Santander, 22 de julio de 2008.- El escritor Eduardo Mendicutti, ha asegurado hoy en Santander que a través de sus obras reivindica “la dimensión literaria del lenguaje popular”, en especial, el de Andalucía, su tierra natal, que para él “ha tenido siempre mala prensa literaria”.
“He hecho un esfuerzo para darle dignidad literaria”, reconoció Mendicutti en una rueda de prensa previa a su intervención en el Ciclo ‘Martes Literarios’ de la Universidad Internacional Menéndez Pelayo (UIMP).
No obstante, matizó que al defender el lenguaje coloquial no quiere “desacreditar” el literario.
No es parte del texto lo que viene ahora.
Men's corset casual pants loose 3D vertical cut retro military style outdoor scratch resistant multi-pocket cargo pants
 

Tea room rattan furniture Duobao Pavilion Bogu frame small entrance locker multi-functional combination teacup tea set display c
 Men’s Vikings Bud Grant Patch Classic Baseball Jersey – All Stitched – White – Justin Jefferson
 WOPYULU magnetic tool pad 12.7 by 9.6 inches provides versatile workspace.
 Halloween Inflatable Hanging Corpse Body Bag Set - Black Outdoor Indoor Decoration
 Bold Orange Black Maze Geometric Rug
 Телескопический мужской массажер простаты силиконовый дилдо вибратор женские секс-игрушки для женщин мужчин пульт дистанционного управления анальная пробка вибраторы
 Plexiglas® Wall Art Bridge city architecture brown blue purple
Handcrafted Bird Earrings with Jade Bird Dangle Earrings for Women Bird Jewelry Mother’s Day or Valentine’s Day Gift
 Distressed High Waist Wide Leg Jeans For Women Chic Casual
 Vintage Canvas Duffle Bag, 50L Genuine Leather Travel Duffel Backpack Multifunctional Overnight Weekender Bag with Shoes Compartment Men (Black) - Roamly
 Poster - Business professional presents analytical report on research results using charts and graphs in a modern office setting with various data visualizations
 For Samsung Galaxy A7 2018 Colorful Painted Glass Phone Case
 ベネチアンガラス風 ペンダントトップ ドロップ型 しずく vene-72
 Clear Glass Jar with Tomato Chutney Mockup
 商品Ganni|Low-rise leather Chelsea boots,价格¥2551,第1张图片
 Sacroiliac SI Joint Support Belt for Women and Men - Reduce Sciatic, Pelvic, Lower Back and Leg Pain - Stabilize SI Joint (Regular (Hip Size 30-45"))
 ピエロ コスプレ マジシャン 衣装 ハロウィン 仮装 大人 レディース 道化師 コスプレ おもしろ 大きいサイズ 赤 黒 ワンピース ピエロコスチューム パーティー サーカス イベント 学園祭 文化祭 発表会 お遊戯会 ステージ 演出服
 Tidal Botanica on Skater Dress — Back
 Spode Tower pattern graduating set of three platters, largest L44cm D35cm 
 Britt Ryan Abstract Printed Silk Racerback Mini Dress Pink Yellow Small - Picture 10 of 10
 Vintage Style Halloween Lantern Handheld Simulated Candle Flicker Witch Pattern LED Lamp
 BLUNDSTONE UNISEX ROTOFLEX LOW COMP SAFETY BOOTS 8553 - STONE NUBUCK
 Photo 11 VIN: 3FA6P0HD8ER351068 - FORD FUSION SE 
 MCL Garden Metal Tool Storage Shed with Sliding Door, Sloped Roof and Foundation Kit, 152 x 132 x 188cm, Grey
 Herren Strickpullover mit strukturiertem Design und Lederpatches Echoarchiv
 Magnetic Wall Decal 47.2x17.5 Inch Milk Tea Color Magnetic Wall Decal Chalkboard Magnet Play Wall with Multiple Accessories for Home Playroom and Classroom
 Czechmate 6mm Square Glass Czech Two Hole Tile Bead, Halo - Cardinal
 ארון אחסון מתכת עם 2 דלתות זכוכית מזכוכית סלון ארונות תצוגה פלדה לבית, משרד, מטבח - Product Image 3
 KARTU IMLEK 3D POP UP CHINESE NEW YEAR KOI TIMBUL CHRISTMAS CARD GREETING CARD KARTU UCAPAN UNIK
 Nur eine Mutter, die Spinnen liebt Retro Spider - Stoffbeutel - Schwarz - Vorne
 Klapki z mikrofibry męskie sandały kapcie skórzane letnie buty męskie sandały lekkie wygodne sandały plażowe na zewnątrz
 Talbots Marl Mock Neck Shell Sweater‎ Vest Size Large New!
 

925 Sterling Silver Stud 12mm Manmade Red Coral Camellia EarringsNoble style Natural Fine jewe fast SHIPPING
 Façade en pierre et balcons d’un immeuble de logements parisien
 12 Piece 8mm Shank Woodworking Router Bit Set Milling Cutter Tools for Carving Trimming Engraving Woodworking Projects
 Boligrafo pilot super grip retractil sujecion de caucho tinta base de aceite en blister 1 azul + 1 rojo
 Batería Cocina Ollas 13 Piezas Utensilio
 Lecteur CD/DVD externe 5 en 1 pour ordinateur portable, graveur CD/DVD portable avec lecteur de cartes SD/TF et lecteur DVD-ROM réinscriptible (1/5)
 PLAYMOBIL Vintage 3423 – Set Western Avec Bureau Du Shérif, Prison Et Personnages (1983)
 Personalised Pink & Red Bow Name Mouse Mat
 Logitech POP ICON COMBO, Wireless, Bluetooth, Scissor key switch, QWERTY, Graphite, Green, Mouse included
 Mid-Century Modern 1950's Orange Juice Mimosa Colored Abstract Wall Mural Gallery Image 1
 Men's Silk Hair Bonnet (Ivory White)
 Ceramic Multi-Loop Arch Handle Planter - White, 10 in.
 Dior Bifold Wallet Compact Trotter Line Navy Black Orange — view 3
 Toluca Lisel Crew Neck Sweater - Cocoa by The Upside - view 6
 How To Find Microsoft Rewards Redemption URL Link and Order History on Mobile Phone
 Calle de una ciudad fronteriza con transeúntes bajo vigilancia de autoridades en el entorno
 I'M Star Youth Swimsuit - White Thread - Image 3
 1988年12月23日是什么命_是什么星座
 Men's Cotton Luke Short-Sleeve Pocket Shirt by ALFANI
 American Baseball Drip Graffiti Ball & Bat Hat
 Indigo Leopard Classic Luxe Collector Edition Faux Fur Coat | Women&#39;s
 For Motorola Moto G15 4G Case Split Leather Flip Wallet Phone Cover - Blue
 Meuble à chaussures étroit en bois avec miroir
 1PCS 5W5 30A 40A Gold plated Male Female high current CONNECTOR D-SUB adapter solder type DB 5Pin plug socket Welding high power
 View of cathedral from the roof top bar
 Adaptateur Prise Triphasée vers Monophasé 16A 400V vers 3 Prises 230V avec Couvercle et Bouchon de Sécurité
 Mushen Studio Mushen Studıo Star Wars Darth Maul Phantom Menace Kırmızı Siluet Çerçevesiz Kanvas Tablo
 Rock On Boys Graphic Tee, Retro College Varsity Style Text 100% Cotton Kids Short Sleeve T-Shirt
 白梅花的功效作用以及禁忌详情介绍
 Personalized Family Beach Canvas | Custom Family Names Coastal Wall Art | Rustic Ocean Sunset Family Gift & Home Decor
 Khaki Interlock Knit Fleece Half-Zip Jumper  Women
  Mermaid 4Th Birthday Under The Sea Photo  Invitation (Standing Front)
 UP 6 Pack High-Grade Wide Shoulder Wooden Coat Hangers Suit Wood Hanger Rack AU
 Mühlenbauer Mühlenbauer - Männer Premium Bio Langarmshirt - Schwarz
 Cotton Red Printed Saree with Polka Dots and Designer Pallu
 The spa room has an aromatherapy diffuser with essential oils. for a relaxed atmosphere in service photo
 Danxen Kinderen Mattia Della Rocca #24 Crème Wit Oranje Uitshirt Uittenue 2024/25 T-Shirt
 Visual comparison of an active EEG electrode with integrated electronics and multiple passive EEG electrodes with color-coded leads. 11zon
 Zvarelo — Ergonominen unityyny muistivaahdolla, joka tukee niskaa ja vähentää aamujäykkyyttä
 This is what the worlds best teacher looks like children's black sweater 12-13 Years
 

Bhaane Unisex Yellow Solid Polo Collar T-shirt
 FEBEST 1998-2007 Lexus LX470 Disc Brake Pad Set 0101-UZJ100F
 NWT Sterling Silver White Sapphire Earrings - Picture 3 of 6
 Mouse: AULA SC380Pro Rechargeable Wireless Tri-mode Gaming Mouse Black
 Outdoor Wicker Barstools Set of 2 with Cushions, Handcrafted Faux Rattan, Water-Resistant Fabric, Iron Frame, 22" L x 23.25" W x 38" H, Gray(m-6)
En este sentido, explicó que “la narrativa puede tener muchos registros” y reconoció que, últimamente, “se ha primado la sencillez y la velocidad narrativa en aras de un mayor número de lectores”. “Se ha olvidado la literatura más elaborada y preocupada por el lenguaje”, apuntó Mendicutti.
El autor de ‘El beso del Cosaco‘ resaltó también la importancia del humor en todas sus obras. “Es un instrumento fantástico para vivir y para escribir”, señaló el escritor, quien recordó que, además, “tiene gran tradición en la literatura española”. Eso sí, a su juicio, “el humor clásico tiene mucho prestigio”, pero el contemporáneo “no tanto”.
Mendicutti también se refirió a otra de las constantes en su literatura, la homosexualidad, que, según reconoció, ha ido evolucionando en sus novelas, para evitar siempre “el estereotipo irresponsable”.
En este sentido, criticó la “superficialidad” de los avances sociales experimentados en los que, a su juicio, “lo legal ha ido un poco por delante de lo social”. A este respecto, agregó que los reconocimientos de los derechos del colectivo homosexual “han provocado unas reacciones hostiles que últimamente no se estaban dando” y que, sin embargo, “han rebrotado tras ese reconocimiento legal y político”. “Queda mucho camino por recorrer para que lo social se ponga al mismo nivel de lo que ya tiene lo legal”, aseveró el escritor.
Preguntado por las adaptaciones cinematográficas de sus obras ‘El palomo cojo‘ y ‘Los novios búlgaros‘, Mendicutti respondió que no tiene ningún reproche que hacer a los directores, a pesar de que como espectador “es muy difícil separarse del libro”. Por último, expuso que suele tomar dos posturas, por un lado “no participar en nada” y, por otro, “ponerse a favor de la novela”.